Parmi les ouvrières d'une ruche, ces abeilles forment une catégorie peu connue : les croque-morts.
En effet, lorsqu'une abeille meurt au cœur d'une ruche, mieux vaut évacuer son corps. Et rapidement, afin d'éviter toute transmission d'agents pathogènes qui peut accompagner la putréfaction. Pour cela, les croque-morts sont d'une efficacité redoutable. En moins de 30 minutes, le corps sans vie est repéré et enlevé.
Dans une étude prépubliée dans bioRxiv, une revue sans comité de lecture, ce qui incite à la prudence vis-à-vis des résultats, Ping Wen a peut-être révélé le secret de leur rapidité. L'écologiste au jardin botanique tropical de l'Académie chinoise des Sciences de Xishuangbanna a étudié les abeilles mellifères asiatiques. Et il aurait découvert que ces abeilles ne repèrent pas leurs congénères décédées à l'odeur, mais plutôt à l'absence d'odeur.
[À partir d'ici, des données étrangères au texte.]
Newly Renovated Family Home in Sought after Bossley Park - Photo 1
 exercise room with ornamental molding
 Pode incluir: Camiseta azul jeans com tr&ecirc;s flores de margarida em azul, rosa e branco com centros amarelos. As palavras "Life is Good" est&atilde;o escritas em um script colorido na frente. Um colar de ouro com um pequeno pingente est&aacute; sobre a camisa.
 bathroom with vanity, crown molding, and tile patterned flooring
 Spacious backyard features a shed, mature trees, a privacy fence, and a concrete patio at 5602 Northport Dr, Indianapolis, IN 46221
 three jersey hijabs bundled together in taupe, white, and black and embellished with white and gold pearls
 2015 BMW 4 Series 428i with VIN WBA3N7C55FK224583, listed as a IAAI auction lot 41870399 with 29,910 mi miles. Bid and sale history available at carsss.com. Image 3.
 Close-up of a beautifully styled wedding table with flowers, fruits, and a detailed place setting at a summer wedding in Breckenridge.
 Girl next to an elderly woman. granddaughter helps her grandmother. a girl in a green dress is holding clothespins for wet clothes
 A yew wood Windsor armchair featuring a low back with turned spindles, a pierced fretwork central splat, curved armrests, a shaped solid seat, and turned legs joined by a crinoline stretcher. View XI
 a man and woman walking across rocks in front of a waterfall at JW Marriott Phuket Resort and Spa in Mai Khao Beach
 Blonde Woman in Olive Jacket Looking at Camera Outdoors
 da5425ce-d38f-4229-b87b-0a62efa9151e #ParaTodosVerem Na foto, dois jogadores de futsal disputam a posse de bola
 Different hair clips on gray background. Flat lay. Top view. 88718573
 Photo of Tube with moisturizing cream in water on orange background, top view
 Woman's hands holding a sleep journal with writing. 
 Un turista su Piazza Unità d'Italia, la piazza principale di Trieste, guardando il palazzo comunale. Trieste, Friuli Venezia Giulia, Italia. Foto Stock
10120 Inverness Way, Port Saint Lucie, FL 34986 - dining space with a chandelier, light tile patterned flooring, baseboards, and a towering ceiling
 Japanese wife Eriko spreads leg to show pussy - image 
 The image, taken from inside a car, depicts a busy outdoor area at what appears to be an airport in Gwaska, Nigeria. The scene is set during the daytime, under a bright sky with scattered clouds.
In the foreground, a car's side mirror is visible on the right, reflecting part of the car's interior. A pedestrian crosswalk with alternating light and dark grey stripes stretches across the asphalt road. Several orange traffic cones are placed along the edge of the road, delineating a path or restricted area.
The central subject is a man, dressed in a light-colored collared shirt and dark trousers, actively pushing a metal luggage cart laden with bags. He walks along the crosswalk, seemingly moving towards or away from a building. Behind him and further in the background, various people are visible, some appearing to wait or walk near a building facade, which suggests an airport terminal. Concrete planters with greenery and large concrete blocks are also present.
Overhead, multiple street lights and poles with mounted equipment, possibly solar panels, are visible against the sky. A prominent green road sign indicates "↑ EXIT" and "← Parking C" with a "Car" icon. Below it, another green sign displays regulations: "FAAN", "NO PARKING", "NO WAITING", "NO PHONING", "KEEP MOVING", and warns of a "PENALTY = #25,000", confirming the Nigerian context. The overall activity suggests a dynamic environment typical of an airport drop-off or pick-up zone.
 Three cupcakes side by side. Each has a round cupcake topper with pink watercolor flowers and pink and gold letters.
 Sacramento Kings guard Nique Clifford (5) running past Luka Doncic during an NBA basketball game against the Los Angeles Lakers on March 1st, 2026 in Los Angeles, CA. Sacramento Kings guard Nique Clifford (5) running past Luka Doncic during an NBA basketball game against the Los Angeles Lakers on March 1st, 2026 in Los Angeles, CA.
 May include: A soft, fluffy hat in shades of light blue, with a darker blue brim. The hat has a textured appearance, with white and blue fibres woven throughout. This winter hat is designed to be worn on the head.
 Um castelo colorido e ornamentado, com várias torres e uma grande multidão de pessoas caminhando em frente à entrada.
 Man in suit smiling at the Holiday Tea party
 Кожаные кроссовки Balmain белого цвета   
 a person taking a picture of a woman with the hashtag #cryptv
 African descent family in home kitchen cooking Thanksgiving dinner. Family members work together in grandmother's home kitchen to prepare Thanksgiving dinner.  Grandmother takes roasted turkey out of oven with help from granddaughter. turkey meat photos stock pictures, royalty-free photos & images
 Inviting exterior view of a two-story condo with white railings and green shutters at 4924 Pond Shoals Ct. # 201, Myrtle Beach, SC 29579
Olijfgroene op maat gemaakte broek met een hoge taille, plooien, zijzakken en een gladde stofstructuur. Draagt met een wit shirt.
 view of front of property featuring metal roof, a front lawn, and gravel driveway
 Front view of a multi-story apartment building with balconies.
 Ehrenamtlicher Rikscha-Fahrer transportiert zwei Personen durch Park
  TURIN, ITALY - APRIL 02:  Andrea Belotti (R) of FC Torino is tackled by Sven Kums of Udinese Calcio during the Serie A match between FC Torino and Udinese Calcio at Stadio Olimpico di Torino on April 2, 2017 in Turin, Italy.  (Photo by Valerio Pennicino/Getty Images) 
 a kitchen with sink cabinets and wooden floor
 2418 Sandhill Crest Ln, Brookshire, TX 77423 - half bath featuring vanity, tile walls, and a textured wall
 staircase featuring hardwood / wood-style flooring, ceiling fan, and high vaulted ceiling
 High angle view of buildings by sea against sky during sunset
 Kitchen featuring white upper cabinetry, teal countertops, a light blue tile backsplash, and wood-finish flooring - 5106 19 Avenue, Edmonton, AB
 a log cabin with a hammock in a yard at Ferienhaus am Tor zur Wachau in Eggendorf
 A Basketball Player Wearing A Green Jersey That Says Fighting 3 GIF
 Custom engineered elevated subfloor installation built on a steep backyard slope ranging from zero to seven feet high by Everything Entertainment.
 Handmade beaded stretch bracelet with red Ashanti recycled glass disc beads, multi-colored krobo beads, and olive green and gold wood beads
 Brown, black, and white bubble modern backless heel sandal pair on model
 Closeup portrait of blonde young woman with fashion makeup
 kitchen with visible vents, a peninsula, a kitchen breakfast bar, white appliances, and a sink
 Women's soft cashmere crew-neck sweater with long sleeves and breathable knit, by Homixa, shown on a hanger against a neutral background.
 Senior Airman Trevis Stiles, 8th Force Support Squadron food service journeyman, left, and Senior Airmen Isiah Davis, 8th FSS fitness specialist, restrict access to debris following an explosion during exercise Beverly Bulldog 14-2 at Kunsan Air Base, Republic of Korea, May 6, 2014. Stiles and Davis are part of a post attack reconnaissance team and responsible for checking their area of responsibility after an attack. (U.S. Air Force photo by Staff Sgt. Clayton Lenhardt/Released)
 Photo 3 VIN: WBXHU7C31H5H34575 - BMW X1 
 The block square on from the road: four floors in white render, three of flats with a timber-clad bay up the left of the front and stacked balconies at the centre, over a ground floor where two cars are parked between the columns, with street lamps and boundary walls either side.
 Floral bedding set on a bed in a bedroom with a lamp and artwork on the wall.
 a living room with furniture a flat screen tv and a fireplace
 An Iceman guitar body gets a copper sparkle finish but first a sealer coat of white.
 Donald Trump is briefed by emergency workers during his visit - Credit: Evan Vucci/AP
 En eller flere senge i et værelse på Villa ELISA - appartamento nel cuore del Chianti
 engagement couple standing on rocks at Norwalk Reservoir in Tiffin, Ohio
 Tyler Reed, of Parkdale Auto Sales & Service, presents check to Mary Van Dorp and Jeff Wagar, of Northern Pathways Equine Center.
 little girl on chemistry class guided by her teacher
Les abeilles, à l'instar d'autres insectes comme les fourmis, sont recouvertes d'hydrocarbures cuticulaires (CHC). Ces composés les aident à ne pas se dessécher, et sont continuellement libérés dans l'air. Cela permet aux membres d'une même colonie de se reconnaître. Mais après leur mort, les abeilles se refroidissent et émettent moins de CHC. Grâce à une série d'expériences, Ping Wen a pu suggérer que cette diminution de CHC permet aux croque-morts de la ruche de détecter le corps. Effectivement, si le corps est recouvert de CHC synthétiques puis chauffé pour rendre les CHC volatils, les pompes funèbres ne viennent qu'au bout de plusieurs heures. Par contre, si le corps est nettoyé de tout CHC puis chauffé, les pompes funèbres retrouvent leur efficacité dans 90 % des cas. Cela laisse penser que ce n'est pas la température du corps qui permet sa détection, mais bien l'absence d'émission de CHC.